A bowel-centric Jewish geriatric named Frieda isn't the focus of Allergist's Wife (though she gets her share of laughs). The play belongs to Marjorie, and the show belongs to Linda Lavin. On the surface, Marjorie has it good: She's married to a doctor (played by the terrifically poker-faced Tony Roberts), her $900,000 co-op is handsomely furnished, she has a stunning collection of cashmere, and her mother doesn't live with her (she lives down the block). But a near-psychotic episode in the Disney store -- or was it "a political statement against the Disney corporation"? -- reveals Marjorie's instability, and not even a wedge of Entenmann's can help her now.
Marjorie is as depressed as all the philosophers she's constantly quoting; as complex as the Herman Hesse world she's obsessed with. How can her successful but down-to-earth husband -- who walks the streets in a velour track suit and a fanny pack -- possibly appreciate her intricacies? So when a glamorous, globetrotting childhood friend Lee (Michele Lee) re-enters her life in an only-in-New-York moment, it appears that Marjorie's existential prayers have been answered.

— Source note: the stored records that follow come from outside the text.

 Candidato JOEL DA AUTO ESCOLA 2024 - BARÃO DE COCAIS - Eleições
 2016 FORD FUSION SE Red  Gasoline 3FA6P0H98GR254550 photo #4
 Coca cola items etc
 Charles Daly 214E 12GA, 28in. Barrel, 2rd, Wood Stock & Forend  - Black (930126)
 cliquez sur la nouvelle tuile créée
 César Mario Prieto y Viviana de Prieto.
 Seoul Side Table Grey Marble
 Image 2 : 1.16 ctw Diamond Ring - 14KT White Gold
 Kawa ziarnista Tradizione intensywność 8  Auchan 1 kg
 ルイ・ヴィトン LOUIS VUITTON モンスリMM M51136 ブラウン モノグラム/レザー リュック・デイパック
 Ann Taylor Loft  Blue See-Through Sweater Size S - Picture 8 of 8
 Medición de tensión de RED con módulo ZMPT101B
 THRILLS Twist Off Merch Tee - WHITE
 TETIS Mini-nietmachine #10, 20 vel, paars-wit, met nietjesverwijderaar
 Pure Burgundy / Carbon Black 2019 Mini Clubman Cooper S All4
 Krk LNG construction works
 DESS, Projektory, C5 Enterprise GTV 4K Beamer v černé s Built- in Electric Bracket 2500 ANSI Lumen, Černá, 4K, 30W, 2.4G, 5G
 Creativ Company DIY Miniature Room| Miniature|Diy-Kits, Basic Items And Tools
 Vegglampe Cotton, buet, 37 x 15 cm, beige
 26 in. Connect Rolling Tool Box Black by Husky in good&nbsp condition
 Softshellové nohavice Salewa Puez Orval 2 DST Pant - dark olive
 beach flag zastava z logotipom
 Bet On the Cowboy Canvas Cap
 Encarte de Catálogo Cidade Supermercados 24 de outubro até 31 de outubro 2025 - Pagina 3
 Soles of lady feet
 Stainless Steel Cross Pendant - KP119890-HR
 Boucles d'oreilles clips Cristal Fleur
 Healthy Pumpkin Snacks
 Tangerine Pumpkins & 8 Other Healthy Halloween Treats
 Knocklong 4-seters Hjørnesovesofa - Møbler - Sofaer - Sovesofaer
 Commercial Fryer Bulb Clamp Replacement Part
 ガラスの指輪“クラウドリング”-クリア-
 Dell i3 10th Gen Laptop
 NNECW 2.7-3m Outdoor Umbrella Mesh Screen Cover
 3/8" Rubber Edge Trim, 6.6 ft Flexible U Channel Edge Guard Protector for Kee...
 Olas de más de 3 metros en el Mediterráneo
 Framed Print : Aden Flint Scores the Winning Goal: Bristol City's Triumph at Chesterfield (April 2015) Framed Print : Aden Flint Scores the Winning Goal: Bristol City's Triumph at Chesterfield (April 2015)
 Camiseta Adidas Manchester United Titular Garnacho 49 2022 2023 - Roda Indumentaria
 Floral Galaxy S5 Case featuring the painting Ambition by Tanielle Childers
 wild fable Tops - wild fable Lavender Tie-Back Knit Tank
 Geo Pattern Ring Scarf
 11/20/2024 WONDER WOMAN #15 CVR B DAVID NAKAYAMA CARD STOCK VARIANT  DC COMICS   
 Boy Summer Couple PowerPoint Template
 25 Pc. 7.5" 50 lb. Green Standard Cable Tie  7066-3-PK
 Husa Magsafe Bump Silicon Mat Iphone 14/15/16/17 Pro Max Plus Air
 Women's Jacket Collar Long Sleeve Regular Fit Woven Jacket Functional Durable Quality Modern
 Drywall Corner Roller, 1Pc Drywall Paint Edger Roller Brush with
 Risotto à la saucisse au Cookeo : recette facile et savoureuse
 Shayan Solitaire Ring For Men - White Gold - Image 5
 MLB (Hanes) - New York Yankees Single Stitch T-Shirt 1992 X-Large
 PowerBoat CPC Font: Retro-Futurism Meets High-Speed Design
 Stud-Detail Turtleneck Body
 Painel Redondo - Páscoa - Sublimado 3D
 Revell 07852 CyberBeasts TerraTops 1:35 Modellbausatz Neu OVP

Lee is a woman who's lived better than you, me, and most of the free world combined: She's shared soup with Andy Warhol, discussed landmines with Princess Di, and marched with Martin Luther King, Jr. This is a woman who can use the phrase "whimsical Szechuan sense of humor" and get away with it. She's also a self-proclaimed "passionate pain in the ass". If Mary Tyler Moore could turn the world on with a smile, Lee could turn it upside down. And she does.